(Collected data entries)

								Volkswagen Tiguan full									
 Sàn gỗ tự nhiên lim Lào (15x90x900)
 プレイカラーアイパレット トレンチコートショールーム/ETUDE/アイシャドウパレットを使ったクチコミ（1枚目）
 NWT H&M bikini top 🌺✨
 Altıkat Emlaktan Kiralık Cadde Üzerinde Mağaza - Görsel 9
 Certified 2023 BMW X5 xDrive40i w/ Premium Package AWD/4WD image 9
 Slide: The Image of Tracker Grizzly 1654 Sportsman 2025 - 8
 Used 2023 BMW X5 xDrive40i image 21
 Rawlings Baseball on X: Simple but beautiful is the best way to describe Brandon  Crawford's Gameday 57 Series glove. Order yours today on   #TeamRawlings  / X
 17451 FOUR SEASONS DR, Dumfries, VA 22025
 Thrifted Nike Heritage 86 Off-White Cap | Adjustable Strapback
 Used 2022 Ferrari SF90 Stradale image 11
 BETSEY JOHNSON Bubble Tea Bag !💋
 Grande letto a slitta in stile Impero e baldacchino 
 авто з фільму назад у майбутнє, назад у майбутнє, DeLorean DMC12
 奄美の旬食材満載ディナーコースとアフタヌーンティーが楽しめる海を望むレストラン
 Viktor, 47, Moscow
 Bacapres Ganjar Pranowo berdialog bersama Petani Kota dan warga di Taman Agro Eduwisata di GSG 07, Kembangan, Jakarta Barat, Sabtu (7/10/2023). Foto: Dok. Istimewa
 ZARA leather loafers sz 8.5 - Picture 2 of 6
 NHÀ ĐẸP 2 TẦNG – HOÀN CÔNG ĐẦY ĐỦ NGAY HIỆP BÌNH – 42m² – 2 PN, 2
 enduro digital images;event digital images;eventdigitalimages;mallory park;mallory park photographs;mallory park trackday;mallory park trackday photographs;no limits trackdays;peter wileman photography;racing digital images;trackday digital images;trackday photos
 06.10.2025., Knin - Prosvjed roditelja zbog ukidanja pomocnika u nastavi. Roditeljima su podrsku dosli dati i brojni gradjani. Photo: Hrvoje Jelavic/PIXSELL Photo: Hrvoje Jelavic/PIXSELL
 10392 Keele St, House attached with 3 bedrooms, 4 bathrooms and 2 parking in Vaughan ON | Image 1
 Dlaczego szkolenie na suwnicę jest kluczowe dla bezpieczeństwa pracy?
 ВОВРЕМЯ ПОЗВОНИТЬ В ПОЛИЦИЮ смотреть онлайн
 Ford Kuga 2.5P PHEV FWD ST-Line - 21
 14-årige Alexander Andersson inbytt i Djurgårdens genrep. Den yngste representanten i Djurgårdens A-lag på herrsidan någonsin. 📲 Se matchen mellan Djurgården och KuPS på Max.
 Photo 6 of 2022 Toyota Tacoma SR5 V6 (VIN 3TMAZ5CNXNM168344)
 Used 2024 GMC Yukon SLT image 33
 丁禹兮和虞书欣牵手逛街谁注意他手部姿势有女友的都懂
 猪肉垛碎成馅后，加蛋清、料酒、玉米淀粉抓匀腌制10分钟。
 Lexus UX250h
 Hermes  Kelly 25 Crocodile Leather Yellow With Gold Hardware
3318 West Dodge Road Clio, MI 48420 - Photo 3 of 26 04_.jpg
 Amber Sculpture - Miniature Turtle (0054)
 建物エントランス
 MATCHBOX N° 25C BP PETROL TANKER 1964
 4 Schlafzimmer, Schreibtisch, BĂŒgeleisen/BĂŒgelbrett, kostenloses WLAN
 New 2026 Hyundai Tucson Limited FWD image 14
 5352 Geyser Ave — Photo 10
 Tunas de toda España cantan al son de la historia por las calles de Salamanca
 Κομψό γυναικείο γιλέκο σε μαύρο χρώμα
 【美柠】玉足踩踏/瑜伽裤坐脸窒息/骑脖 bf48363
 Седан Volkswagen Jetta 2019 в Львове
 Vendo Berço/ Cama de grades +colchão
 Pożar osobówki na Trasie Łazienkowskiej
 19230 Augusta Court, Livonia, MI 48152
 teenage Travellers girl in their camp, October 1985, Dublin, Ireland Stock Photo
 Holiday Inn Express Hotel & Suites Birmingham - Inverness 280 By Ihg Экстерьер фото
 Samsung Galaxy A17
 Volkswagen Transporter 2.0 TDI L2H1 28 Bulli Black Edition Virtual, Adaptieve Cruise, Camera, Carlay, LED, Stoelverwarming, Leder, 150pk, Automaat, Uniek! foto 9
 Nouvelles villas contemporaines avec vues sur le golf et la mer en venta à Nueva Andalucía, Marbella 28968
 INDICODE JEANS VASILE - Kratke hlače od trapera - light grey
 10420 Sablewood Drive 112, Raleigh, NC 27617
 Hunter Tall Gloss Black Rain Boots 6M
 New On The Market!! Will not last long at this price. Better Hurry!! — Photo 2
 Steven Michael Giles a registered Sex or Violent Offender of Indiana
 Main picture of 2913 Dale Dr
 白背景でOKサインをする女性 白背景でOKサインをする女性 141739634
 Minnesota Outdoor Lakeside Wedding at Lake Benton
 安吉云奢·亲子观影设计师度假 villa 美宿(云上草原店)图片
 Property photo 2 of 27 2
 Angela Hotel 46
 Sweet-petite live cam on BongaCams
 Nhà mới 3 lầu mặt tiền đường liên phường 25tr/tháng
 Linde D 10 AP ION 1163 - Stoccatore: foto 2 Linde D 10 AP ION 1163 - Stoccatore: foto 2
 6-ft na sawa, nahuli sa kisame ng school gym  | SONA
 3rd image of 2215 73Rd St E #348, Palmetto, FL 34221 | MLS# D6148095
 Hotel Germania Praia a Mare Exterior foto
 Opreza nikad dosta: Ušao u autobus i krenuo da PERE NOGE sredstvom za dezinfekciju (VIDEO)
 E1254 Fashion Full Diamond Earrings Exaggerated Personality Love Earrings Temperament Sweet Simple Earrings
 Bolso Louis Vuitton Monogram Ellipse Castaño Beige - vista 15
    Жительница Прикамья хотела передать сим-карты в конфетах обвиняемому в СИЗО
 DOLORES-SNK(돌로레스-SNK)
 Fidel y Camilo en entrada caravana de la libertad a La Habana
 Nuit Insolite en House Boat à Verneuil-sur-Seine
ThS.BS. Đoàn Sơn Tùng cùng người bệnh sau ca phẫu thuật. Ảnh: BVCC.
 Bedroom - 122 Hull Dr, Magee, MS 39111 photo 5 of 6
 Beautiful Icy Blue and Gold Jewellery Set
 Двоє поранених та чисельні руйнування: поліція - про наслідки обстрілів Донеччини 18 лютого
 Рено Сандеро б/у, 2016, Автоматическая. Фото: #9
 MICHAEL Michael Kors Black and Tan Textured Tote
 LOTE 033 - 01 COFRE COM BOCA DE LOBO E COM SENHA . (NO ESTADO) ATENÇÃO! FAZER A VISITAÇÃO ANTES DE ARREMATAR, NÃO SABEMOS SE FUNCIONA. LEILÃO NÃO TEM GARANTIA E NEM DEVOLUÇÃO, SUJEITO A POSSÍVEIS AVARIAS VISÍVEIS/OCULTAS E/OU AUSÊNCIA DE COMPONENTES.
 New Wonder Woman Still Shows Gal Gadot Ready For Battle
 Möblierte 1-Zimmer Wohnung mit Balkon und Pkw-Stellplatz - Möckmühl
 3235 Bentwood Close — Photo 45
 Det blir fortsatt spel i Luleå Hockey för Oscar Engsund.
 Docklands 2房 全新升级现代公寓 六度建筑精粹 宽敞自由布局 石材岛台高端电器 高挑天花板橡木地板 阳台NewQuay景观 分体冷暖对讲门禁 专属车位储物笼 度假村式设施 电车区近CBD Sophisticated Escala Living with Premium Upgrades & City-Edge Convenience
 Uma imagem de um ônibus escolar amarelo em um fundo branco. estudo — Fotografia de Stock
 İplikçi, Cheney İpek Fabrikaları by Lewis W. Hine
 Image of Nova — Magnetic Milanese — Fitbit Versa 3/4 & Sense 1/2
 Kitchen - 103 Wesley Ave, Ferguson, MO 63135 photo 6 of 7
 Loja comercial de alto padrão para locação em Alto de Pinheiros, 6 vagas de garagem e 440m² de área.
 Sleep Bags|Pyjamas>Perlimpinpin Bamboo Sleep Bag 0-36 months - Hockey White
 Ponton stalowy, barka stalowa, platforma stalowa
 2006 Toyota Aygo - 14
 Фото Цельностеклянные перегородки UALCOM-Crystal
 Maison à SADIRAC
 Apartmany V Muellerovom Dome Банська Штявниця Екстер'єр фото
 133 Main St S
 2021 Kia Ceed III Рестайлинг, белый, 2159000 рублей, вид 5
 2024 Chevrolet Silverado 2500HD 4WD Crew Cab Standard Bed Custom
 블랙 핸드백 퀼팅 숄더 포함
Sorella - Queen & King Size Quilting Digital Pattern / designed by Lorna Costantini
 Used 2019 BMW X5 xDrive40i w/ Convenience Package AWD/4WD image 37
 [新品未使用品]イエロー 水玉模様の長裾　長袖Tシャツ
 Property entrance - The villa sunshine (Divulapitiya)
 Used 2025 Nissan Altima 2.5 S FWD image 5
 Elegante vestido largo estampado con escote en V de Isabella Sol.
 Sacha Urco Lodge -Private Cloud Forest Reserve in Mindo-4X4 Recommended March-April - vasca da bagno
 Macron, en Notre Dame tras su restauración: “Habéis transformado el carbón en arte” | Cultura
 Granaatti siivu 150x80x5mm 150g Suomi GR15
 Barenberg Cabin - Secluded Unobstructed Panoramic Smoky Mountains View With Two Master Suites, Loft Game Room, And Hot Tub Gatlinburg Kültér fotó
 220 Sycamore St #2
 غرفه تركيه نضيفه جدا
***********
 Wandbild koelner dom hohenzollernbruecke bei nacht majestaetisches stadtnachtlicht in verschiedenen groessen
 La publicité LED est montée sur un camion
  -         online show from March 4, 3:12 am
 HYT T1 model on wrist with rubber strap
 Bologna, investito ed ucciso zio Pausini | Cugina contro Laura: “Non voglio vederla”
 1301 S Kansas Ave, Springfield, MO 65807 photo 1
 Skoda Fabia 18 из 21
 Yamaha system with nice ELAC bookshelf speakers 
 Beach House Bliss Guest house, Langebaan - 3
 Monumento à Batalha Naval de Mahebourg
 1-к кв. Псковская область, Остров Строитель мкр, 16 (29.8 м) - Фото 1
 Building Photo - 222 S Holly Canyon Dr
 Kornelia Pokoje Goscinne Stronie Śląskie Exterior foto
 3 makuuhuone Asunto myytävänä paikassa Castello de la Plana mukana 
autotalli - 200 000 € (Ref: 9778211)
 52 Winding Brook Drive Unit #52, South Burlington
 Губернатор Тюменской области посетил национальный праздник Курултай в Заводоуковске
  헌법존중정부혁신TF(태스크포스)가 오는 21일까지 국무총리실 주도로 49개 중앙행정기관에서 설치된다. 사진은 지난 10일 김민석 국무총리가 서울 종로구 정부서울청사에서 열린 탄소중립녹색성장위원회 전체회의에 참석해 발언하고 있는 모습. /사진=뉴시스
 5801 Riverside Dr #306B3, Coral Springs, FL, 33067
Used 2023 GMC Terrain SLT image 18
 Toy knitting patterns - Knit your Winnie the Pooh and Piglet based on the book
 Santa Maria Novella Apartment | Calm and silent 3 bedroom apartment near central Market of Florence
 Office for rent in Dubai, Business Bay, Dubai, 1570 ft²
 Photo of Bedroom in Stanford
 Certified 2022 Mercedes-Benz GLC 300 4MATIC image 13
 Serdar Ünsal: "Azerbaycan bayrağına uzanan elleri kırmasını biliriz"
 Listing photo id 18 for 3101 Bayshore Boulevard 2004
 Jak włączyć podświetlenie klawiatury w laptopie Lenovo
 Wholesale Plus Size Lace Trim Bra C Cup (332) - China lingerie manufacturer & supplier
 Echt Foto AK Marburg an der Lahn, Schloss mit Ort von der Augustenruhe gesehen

**TASK ITEM:**
Write out again exactly the lines that run from the one holding "Kornelia Pokoje Goscinne" through the last line of the data; omit all other lines.

**EXERCISE OUTPUT:**
 Kornelia Pokoje Goscinne Stronie Śląskie Exterior foto
 3 makuuhuone Asunto myytävänä paikassa Castello de la Plana mukana 
autotalli - 200 000 € (Ref: 9778211)
 52 Winding Brook Drive Unit #52, South Burlington
 Губернатор Тюменской области посетил национальный праздник Курултай в Заводоуковске
  헌법존중정부혁신TF(태스크포스)가 오는 21일까지 국무총리실 주도로 49개 중앙행정기관에서 설치된다. 사진은 지난 10일 김민석 국무총리가 서울 종로구 정부서울청사에서 열린 탄소중립녹색성장위원회 전체회의에 참석해 발언하고 있는 모습. /사진=뉴시스
 5801 Riverside Dr #306B3, Coral Springs, FL, 33067
Used 2023 GMC Terrain SLT image 18
 Toy knitting patterns - Knit your Winnie the Pooh and Piglet based on the book
 Santa Maria Novella Apartment | Calm and silent 3 bedroom apartment near central Market of Florence
 Office for rent in Dubai, Business Bay, Dubai, 1570 ft²
 Photo of Bedroom in Stanford
 Certified 2022 Mercedes-Benz GLC 300 4MATIC image 13
 Serdar Ünsal: "Azerbaycan bayrağına uzanan elleri kırmasını biliriz"
 Listing photo id 18 for 3101 Bayshore Boulevard 2004
 Jak włączyć podświetlenie klawiatury w laptopie Lenovo
 Wholesale Plus Size Lace Trim Bra C Cup (332) - China lingerie manufacturer & supplier
 Echt Foto AK Marburg an der Lahn, Schloss mit Ort von der Augustenruhe gesehen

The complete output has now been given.